Posted by Arihant Samar <ar...@gmail.com>.
There was a Jira relating to GPU acceleration where it was mentioned that
Boolean Scorer has possibilities of GPU usage.
 So I was just checking first with multithreading in Java itself and
thought that this function may be amenable to parallelization.
Hence I was just giving it a try.
Will this not be useful if there are very long Boolean queries with a lot
of SHOULD clauses although I have no clue if this is a common situation.

I just need one more little help. Although some of the tests do give the
error Adrien mentioned that docs should be collected in the same thread
they were generated, but some tests also give wrong scores itself. Do you
see anything wrong in the synchronization I have done?
The synchronization I have done is basically creating an array of
matching.length size of Reentrant locks and just running the function
"ScoreWindowIntoBitSetAndReplay " with numScorer threads instead of the for
loop.
/// in BooleanScorer.java -> OrCollector -> collect function
Lock[idx].lock();
matching[idx] |= 1L << i;
final Bucket bucket = buckets[i];
bucket.freq++;
bucket.score += scorer.score();
Lock[idx].unlock();



On Mon, 21 Jun 2021 at 19:04, Adrien Grand <jp...@gmail.com> wrote:

> It should be possible to make something like this work. The main issue is
> that Lucene has the expectation that a (Bulk)Scorer is consumed in the
> thread where it was pulled, so this would require substantial changes to
> how BooleanScorer currently operates I believe.
>
> I'd be curious to know why you are looking into this rather than passing
> an Executor to IndexSearcher so that it can search segments concurrently.
> Is it not providing enough concurrency for you?
>
> On Mon, Jun 21, 2021 at 9:46 AM Arihant Samar <ar...@gmail.com> wrote:
>
>> Hi,
>> There is a function "ScoreWindowIntoBitSetAndReplay" in
>> "BooleanScorer.java" which runs over all the scorers.
>> I was wondering if we can use multi-threading here with numScorers
>> threads.
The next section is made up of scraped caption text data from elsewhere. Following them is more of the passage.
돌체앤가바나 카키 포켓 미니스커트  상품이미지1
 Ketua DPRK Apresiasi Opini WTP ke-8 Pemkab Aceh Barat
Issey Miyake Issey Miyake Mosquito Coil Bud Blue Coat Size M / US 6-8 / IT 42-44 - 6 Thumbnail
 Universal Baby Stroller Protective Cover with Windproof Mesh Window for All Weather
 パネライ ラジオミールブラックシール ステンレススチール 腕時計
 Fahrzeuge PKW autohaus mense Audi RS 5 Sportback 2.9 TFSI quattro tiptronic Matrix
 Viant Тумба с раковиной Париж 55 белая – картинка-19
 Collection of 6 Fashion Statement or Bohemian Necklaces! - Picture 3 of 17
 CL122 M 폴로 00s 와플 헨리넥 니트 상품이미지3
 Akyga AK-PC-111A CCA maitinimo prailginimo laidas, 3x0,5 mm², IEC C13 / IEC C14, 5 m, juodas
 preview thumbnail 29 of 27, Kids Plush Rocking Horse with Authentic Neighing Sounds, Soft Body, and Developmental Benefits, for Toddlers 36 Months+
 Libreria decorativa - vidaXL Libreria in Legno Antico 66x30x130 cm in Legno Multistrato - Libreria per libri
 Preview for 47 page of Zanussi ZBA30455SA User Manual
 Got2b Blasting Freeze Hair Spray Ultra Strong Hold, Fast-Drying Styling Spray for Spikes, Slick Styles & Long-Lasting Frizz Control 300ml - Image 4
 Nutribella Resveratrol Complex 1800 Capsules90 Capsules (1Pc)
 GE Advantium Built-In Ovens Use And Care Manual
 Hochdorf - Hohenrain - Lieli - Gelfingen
Anyways we are using a special OrCollector here which updates the
>> matching array and the score in the buckets of 2048 docs. So we can use a
>> Reentrant lock for synchronization in the collector.
>>
>> I just wanted reviews on this since I tried this and some tests were not
>> passing. So if you could tell what is wrong in this approach, I
>> would appreciate it.
>>
>> Thanking You in advance,
>> Arihant.
>>
>> On Tue, 15 Jun 2021, 19:05 Adrien Grand, <jp...@gmail.com> wrote:
>>
>>> Glad it helped. :)
>>>
>>> On Tue, Jun 15, 2021 at 3:28 PM Greg Miller <gs...@gmail.com> wrote:
>>>
>>>> Thanks for this explanation Adrien! I'd been wondering about this a bit
>>>> myself since seeing that DrillSideways also implements a TAAT approach (in
>>>> addition to a doc-at-a-time approach). This really helps clear that up.
>>>> Appreciate you taking the time to explain!
>>>>
>>>> Cheers,
>>>> -Greg
>>>>
>>>> On Mon, Jun 14, 2021 at 2:35 AM Adrien Grand <jp...@gmail.com> wrote:
>>>>
>>>>> Hello Arihant,
>>>>>
>>>>> The Scorer for disjunctions uses a heap data structure that needs to
>>>>> be reordered upon every hit. While reordering heaps is efficient as it runs
>>>>> in logarithmic time, the fact that it needs to run on every document might
>>>>> add non-negligible overhead. BooleanScorer tries to work around this
>>>>> overhead by scoring large windows of documents in a more TAAT
>>>>> (term-at-a-time) fashion so that Lucene only needs to reorder the heap
>>>>> every 2048 doc IDs (the hardcoded window size).
>>>>>
>>>>> This paper gives a bit more context:
>>>>> http://www.savar.se/media/1181/space_optimizations_for_total_ranking.pdf,
>>>>> see section 4 in particular.
>>>>>
>>>>> On Sat, Jun 12, 2021 at 5:47 PM Arihant Samar <ar...@gmail.com>
>>>>> wrote:
>>>>>
>>>>>> Hi ,
>>>>>>
>>>>>> I am new here . I would like to know what is the exact optimisation
>>>>>> carried out in “Boolean Scorer.java” code which led to a separate class for
>>>>>> resolving Boolean Queries in bulk documents. I could not find any material
>>>>>> in the documentation for this as well, hence I decided to ask here.
>>>>>>
>>>>>>
>>>>>> Thanking you in advance,
>>>>>>
>>>>>> Arihant.
>>>>>>
>>>>>>
>>>>>>
>>>>>> Sent from Mail <https://go.microsoft.com/fwlink/?LinkId=550986> for
>>>>>> Windows 10
>>>>>>
>>>>>>
>>>>>>
>>>>>
>>>>>
>>>>> --
>>>>> Adrien
>>>>>
>>>>
>>>
>>> --
>>> Adrien
>>>
>>
>
> --
> Adrien
>

Re: Boolean Scorer

Posted by Adrien Grand <jp...@gmail.com>.
It should be possible to make something like this work. The main issue is
that Lucene has the expectation that a (Bulk)Scorer is consumed in the
thread where it was pulled, so this would require substantial changes to
how BooleanScorer currently operates I believe.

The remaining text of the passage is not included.